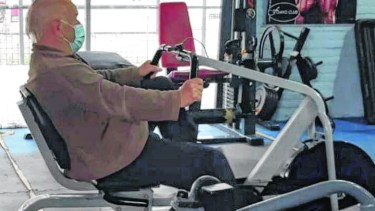 La actividad física es recomendada en afecciones tales como hipertensión, diabetes, colesterol alto, fibrosis quística, patologías respiratorias, cáncer.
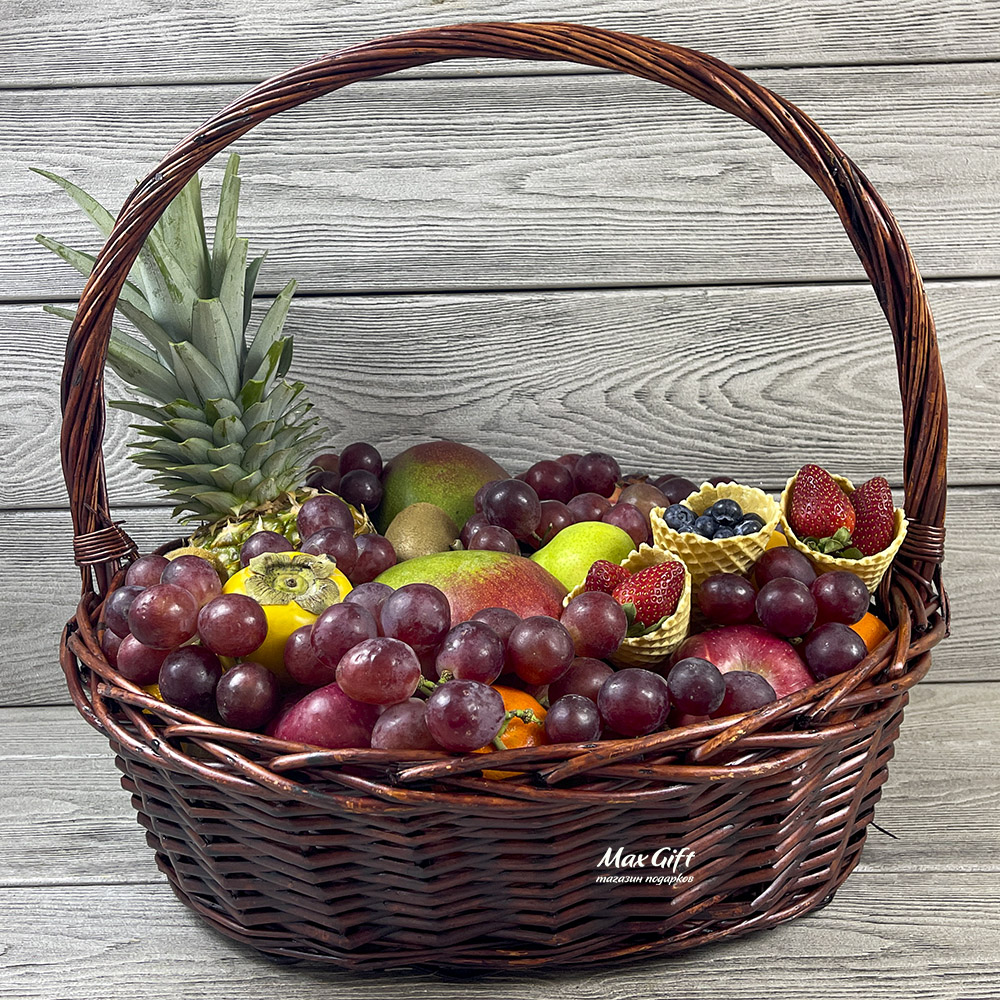 Фруктовая корзина с ягодами «На здоровье!» - S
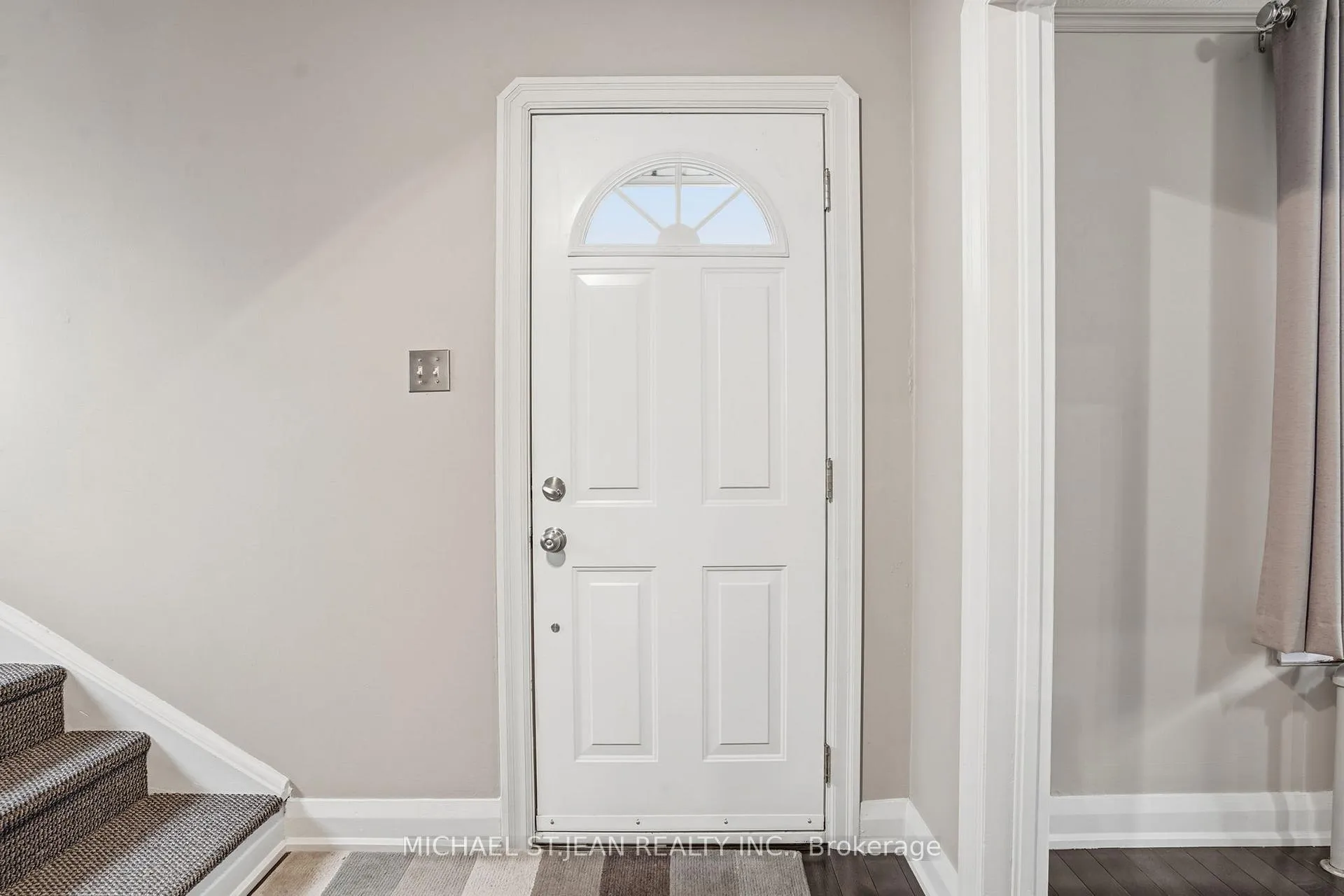 Photo 6 of 210 Vine Street, St. Catharines, Facer — HOMEH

□ □ □ □ □

*Required work*
Starting with the line that holds "Фруктовая корзина с", transcribe exactly each line through the last one of the material above, and nothing else. Do not include pictures.

*Task solution*
 Фруктовая корзина с ягодами «На здоровье!» - S
 Photo 6 of 210 Vine Street, St. Catharines, Facer — HOMEH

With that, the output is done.